Schon in den 1970er Jahren suchte er nach antibiotisch wirksamen Naturstoffen. Er wurde fündig bei Bodenbakterien aus der Gruppe der Streptomyceten, in der Medizin keine Unbekannten. Bereits 1952 ging der Medizin-Nobelpreis für die Entdeckung und Isolierung des aus diesen Bakterien gewonnen Antibiotikums Streptomycin an den Mikrobiologen Selman Waksman.

Der Japaner schickte damals seine Kulturen an seinen Fachkollegen, den irischen Parasitologen Iren William C. Campbell, darunter auch Bakterien der Art Streptomyces avermitilis. Der in den USA arbeitende Campbell erkannte sofort die Bedeutung von Omuras Fund. Bei seinen eigenen Experimenten mischte Campbell unter das Futter von Labormäusen ein von diesen Bakterien produzierten Stoff, der Fadenwürmern wirksam zu Leibe rückte. Dem daraus biochemisch isolierten Mittel gaben beide den Namen Avermectin.

Avermectin und das daraus weiterentwickelte Ivermectin wurden zur Basis einer ganz neuen Klasse von Medikamenten, die bei Menschen wie auch bei Tieren wirken. Die Parasitenkrankheiten Elephantiasis und Flussblindheit konnten dank der Forschungen von Ōmura und Campbell fast ausgerottet werden.

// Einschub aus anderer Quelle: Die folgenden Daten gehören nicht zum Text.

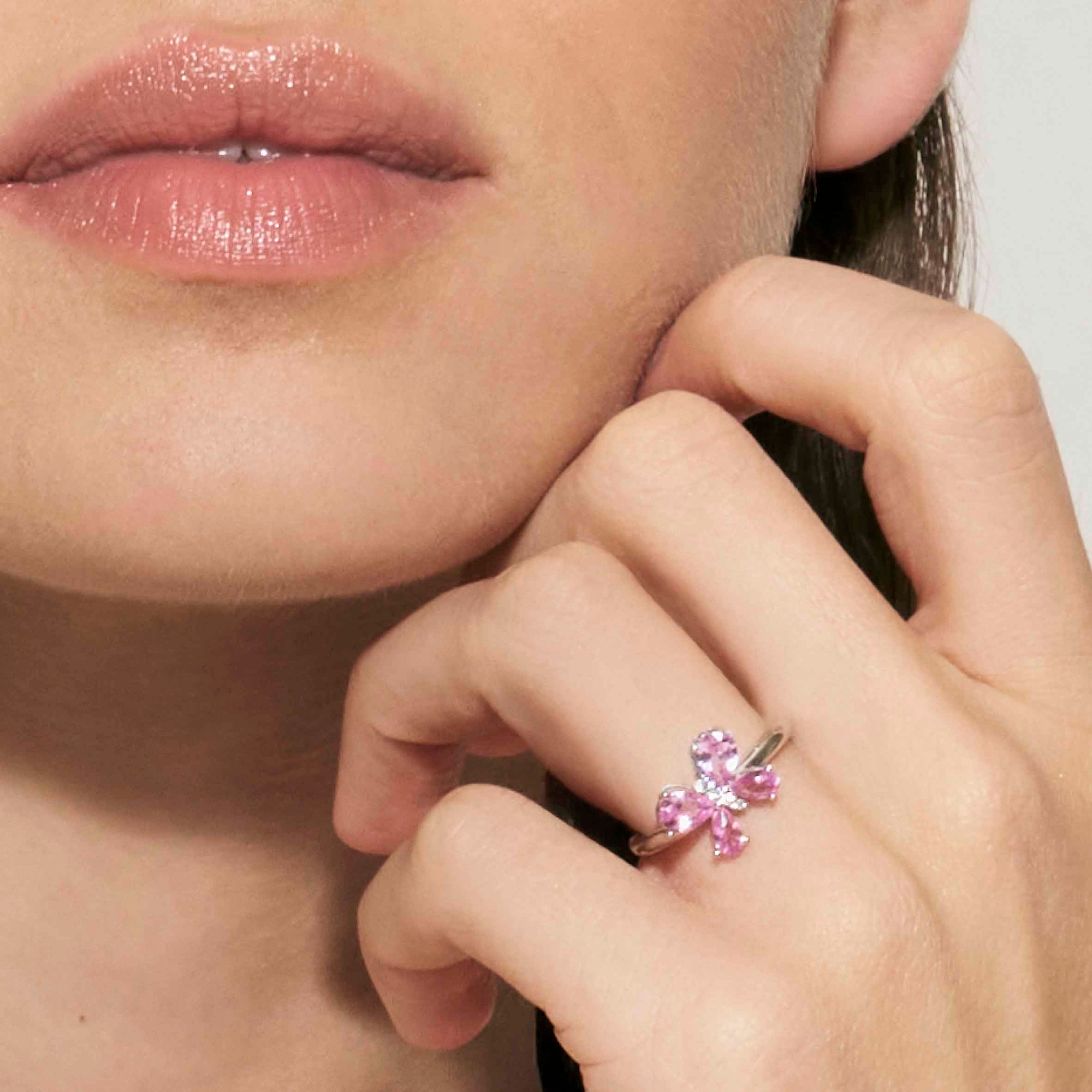 Nomination SHINE ME UP Ring aus Sterling Silber - Zirkonia - Schmetterling - Weiß - Hellblau - Gr. 51-59 verstellbar – rosa Steine – Ansicht 2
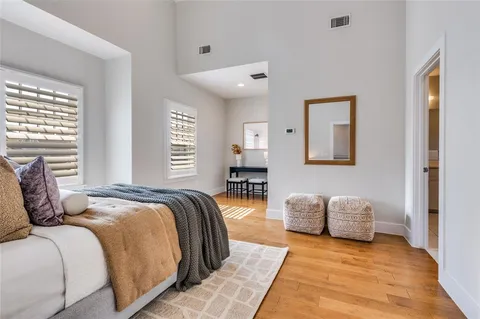 $869,000 | 661 Bishop Heights Lane, Dallas, TX 75208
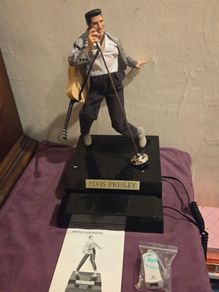 Vintage Limited Edition Elvis Presley Singing Dancing Telephone
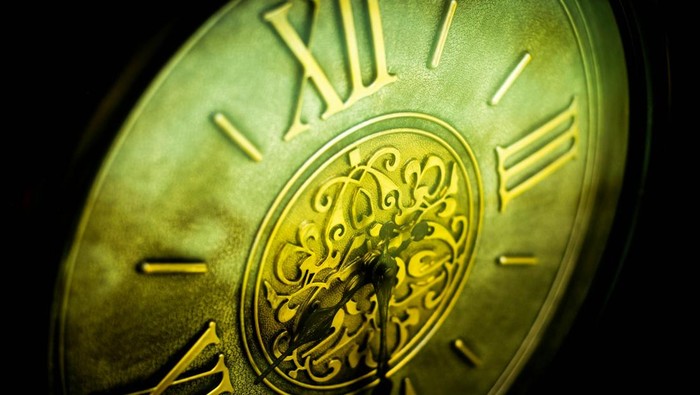 Gambar jam dengan penanda Romawi.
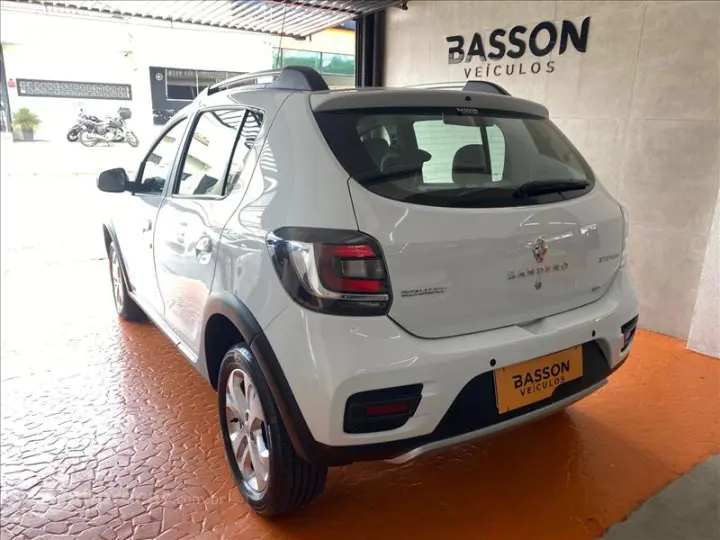 SANDERO 1.6 16V SCE Stepway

Bei der sogenannten Elephantiasis (auch Elefantenmann-Syndrom genannt) handelt es sich um eine abnorme Vergrößerung eines Körperteils – häufig die Beine – durch einen Stau im Lymphsystem. Die Krankheit tritt vor allem in den Tropen auf als Folge verschiedener Infektionen etwa durch Fadenwürmer oder Lepra. Die Würmer gelangen durch den Stich von Mücken ins lymphatische System und verursachen dort chronische Entzündung, die zu einem Lymphstau führen. Dadurch kommt es zu der typischen extremen Vergrößerung und Verhärtung der Haut.

Youyou Tu

Youyou Tu wurde am 12. Dezember 1930 in Ningbo, einer Küstenstadt in der ostchinesischen Provinz Zhèjiāng geboren. Die Pharmakologin ist neben Campbell und Omura die Dritte im Bunde der Ausgezeichneten. Aus gutem Grund: Tu entdeckte den zur Behandlung der Malaria eingesetzten Pflanzenstoff Artemisinin.

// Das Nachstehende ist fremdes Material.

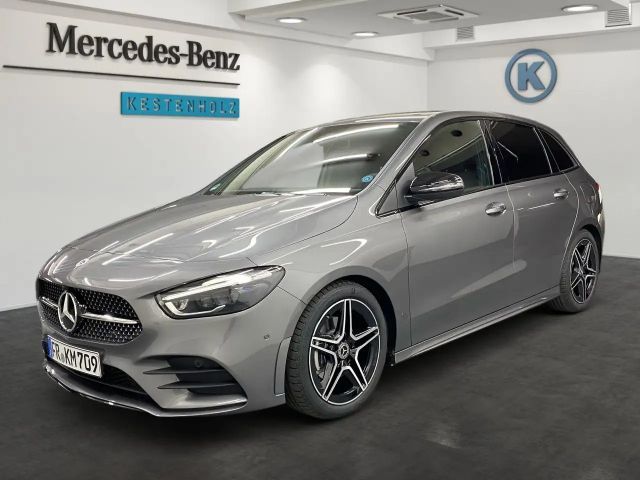 Mercedes-Benz B 200 AMG Line Sedan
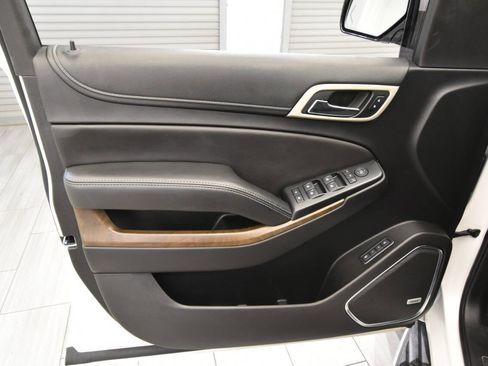 Used 2018 GMC Yukon Denali w/ Open Road Package image 12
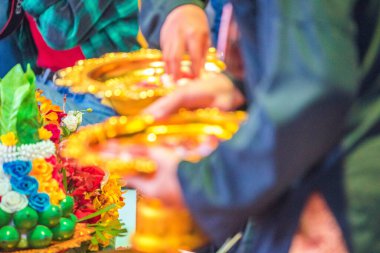 Ho Chi Minh şehri, Vietnam - 28 Haziran 2020: Khmer düğünü manzarası, bu geleneksel bir düğün Khmer kültürünü takip et, geleneksel giysi seremonisine katılan insanlar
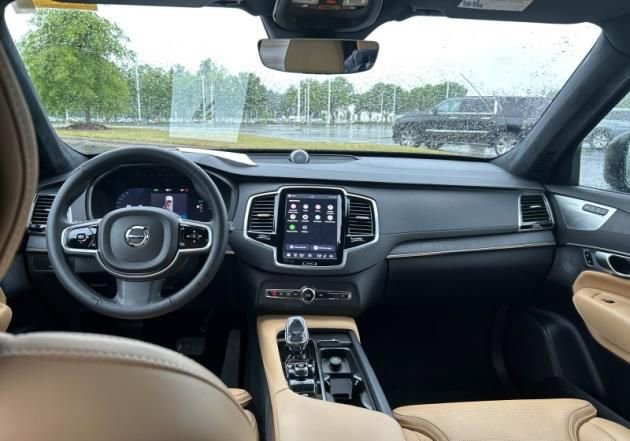 Used 2023 Volvo XC90 T8 Ultimate AWD/4WD image 6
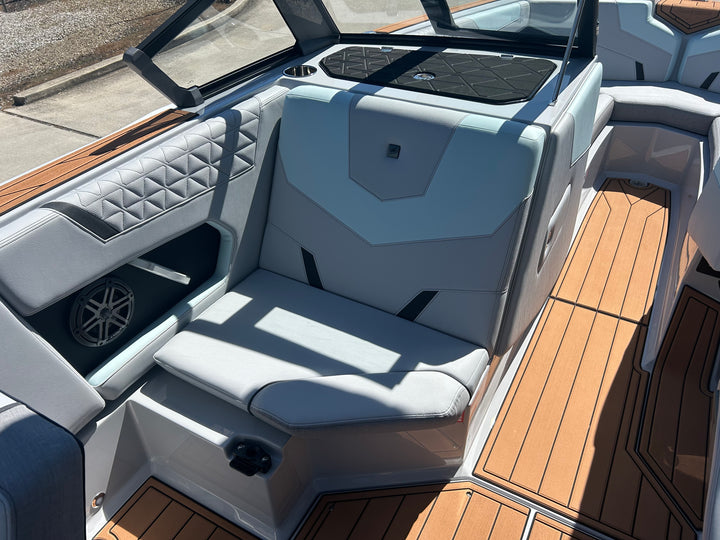 2026 Nautique GS22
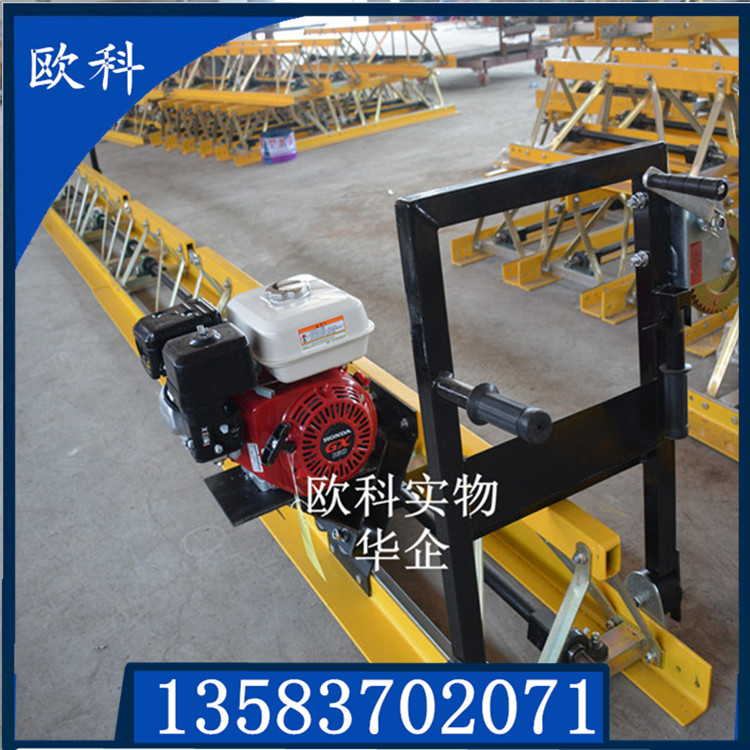 供應(yīng)  三滾軸攤鋪機 水泥混凝土攤鋪整平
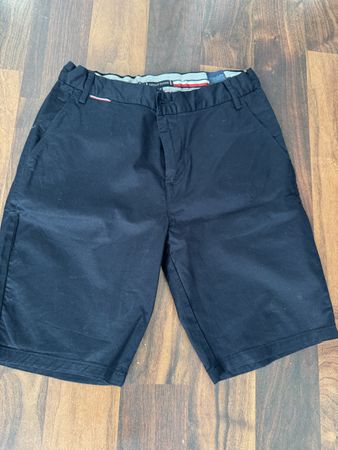 Tommy Hilfiger Shorts Dunkelblau Grösse 176 guter Zustand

Tu studierte von 1951 bis 1955 an der Fakultät für Pharmazie der Medizinischen Universität Peking. Seitdem arbeitet sie am Institute of Materia Medica der Chinesischen Akademie für traditionelle chinesische Medizin. Die heute 84-Jährige entdeckte bei ihren Versuchen mit Pflanzenstoffen das Potenzial des Artemisinins, einer in der traditionellen chinesischen Medizin verwendeten Substanz aus Blättern und Blüten des Einjährigen Beifußes (Artemisia annua). Sie wirkt gegen Plasmodium falciparum, den Erreger der Malaria tropica. Die Sterblichkeitsrate Malariakranker ließ sich damit deutlich reduzieren.

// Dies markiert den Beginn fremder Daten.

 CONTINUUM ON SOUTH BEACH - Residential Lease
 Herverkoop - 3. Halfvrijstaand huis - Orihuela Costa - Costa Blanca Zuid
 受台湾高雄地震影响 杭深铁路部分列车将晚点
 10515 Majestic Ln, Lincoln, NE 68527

1969 wurde die damals 38-Jährige der Staatszeitung „China Daily“ zufolge Leiterin eines Regierungsprojektes, bei dem ein Mittel zur Behandlung der Tropenkrankheit entwickelt werden sollte. Youyou Tu vereinte moderne Forschung und traditionelle chinesische Medizin. Auf der Suche nach neuen Medikamenten stieß sie auf ein 700 Jahre altes Kräuterrezept, das den Durchbruch brachte. Aus dem einjährigen Beifuß isolierte sie schließlich 1971 den Wirkstoff Artemisinin.